Celebrate your accomplishments

Research has shown that women don’t promote themselves as much as they should. (If you want to learn about this, I highly recommend you read Women Don’t Ask!) This leaves us (and other shy folk) at a disadvantage because people around us may not realize and recognize how awesome we are. Even if you’re too shy to tell anyone but your cheerleading squad, give it a shot. And remember that some communities even explicitly encourage this, so you aren’t necessarily going to be out of place: Linuxchix, for example, encourages people to do “horn tootin'” posts where they celebrate neat things they’ve accomplished: a new job, a working system, a neat solution, achieving inbox zero, or even the first day your daughter sleeps through the night. Don’t feel you should only celebrate “big” milestones: if you do something that matters to you at all, allow yourself some time to brag.

You’ve got to remember to balance here: bad things happen, but if your cheerleading squad only hears from you when things are rough, it’s going to be harder for them to bring up examples later.
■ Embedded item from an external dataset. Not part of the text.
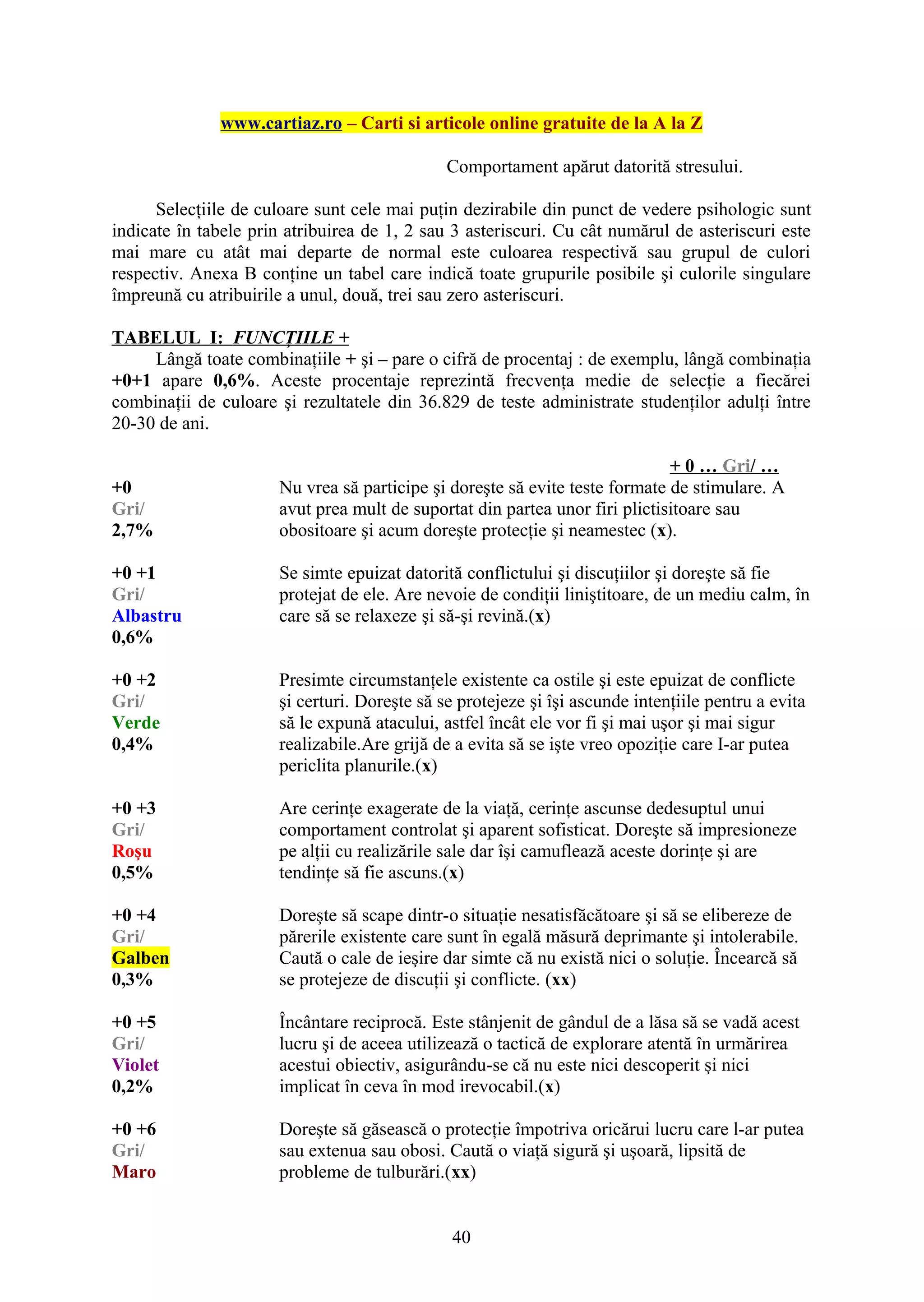Testul culorilor 80 pag | PDF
So make sure they hear the good as well as the bad. I don’t know about you, but I find when I sit down and think about it there’s usually more good than bad.

Talking and writing about your accomplishments not only makes them more widely known, but also gives you practice expressing yourself… so not only are you advertising your awesomeness, you’re actually becoming more awesome in the process. How’s that for an extra ego-boost?
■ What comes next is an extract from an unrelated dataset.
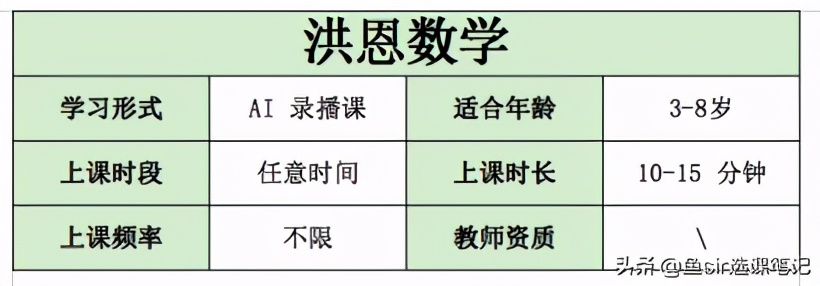 洪恩教育简介,洪恩教育学校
Don’t forget to be awesome

Just before I went in to do my proposal defence last week, my little sister sent me a text message that told me I had permission to be awesome. And when I asked her for advice on writing this post, she said I should give you all permission to be awesome too. It’s really hard to be down about yourself or your accomplishments when you’re too busy being awesome: that is, actually learning and doing the things that you want to do. It’s a bit circular: But if you can let go of self-confidence issues long enough to do cool stuff, then doing cool stuff will help you let go of self-confidence issues because you’ll have more examples of your awesomeness right there.

So go forth and be awesome!

34 thoughts on “Self-confidence tricks

  1. Chris

    > (Or maybe I’m wrong and guys also feel this way. But they don’t show it as much.)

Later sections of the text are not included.